Our Associate Editor Sarah Stivens talks to Yazmin about her essay, ‘Thirteen Ways of Looking at a Substack’, published in #31: SUBSCRIBE.
‘Thirteen Ways of Looking at a Substack’ really dances on the knife edge of humour, vulnerability, and rage (in a beautifully woven way). What was it like to balance these elements throughout the piece?
It’s funny, it took me a really long time to find my voice in a satirical, comedic sense. I think I’m still uncovering it, so I didn’t really set out to create any semblance of balance. The use of vulnerability and rage is an interesting one because the first draft was really embarrassing actually. Vulnerable in a way that gave me the ick. I originally had a lot more moving parts, more storylines, but that lighter guiding soprano was drowned in a bunch of baritones wailing, ‘POOR ME.’ It came off as whiny and self-pitying. Realising that’s where I was headed was the first step in the balancing act. Then came all the stripping and the weeding to find what was essential. The remedy was pretty simple: I turned statements into questions. That helped make it more interrogative than reflexive.

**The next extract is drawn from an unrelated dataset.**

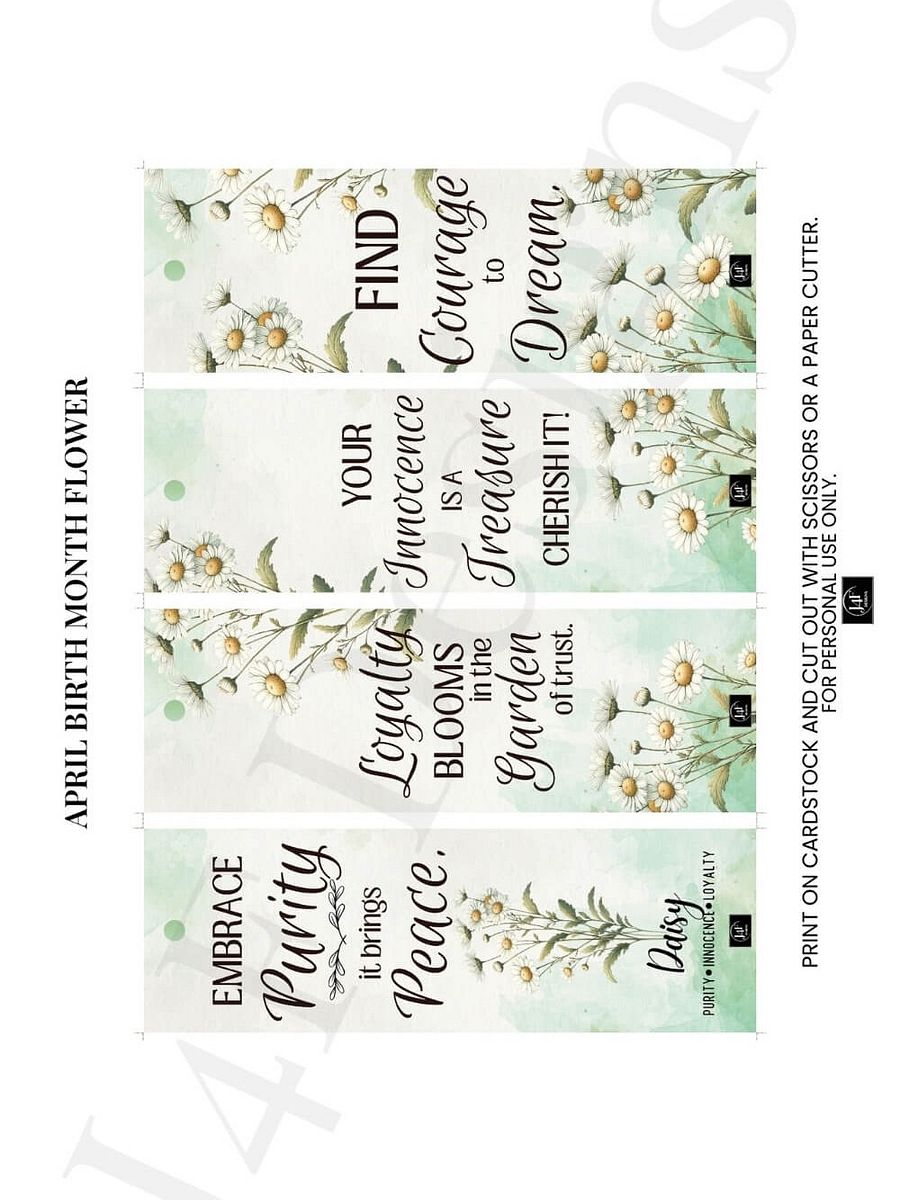 FREE Daisy Bookmark Printable, Inspirational Sayings With April's Birth Month Flower product image (4)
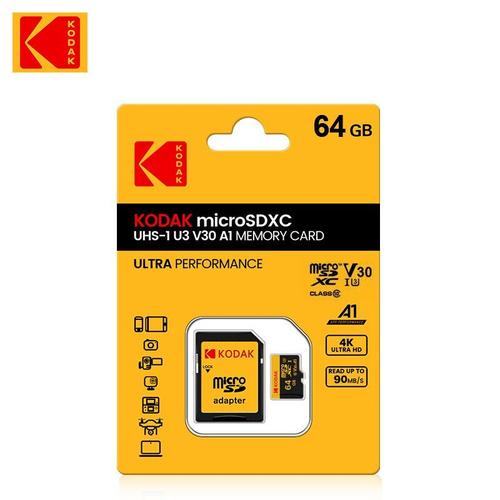 64 GO Kodak-Carte Micro SD, Classe 10, U3, 4K, Haute Vitesse, Mémoire Flash, TF, Mecard C10 ""Nipseyteko""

I think what also helped me wrestle with my own feelings of anger was bringing in an absurdist element. I’m a huge fan of the absurd and the ridiculous. I think it’s my favourite art form. I grew up on a lot of absurdist theatre and TV and my family has a very strange sense of humour so it’s a safe default for me to be able to laugh at my own despair. A lot of my favourite writers do this. They’ve got these really heavy works that demand a lot of you and then they make you laugh out of nowhere, so you just want to keep going.
A lot of writers are with you (including me)—secretly wishing for an AI-social media manager, or at least to share their work without carving out internal organs like the protagonist in this piece. What are you hoping will change in the industry as AI keeps gaining ground? What are you terrified of it learning?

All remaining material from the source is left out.